I'm more than happy to post my fix and or solution.  I've documented it.


----------



## dvl@ (Nov 26, 2016)

andrewm659 said:


> I'm more than happy to post my fix and or solution.  I've documented it.



Please post.  I've solved my issue now, but others will follow.


----------



## andrewm659 (Dec 7, 2016)

dvl@ said:


> Please post.  I've solved my issue now, but others will follow.


Will do.  Sorry, been busy.  But I'll clean up the instructions.


----------



## Oko (Dec 7, 2016)

I have being running ViewVC in production for several years of OpenBSD 5.5 (didn't bother to upgrade as I was hopping to kill CVS and SVN in favor of Git/Gogs). OpenBSD was using build in version of Apache 1.3. This is fully functional httpd.conf  file which I started using after realizing that ViewVC is shipped with build in Pyhton web server which suffers from memory leak (we were able to crash it at will).
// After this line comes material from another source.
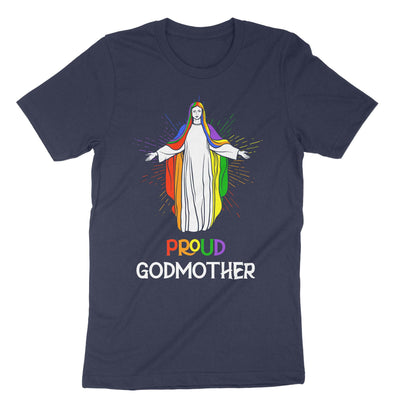 Navy Proud Godmother Lgbt Gay Pride T-Shirt#color_navy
It was not very difficult and there are multiple ways to use ViewVC with Apache I forgot what made me do this particular way.

http://www.cs.cmu.edu/afs/cs/user/predragp/www/httpd.conf

Note that I never got server to work as chroot so I used so called insecure mode (in OpenBSD lingo) which is not the problem for FreeBSD. I am guessing one would have to be careful with the configuration file as configuration options have changed between 1.xxx and 2.xxx version of Apache but it will give you a good start.


----------



## andrewm659 (Dec 12, 2016)

Here are the instructions I put together.  Let me know if you run into problems.

Hope this helps!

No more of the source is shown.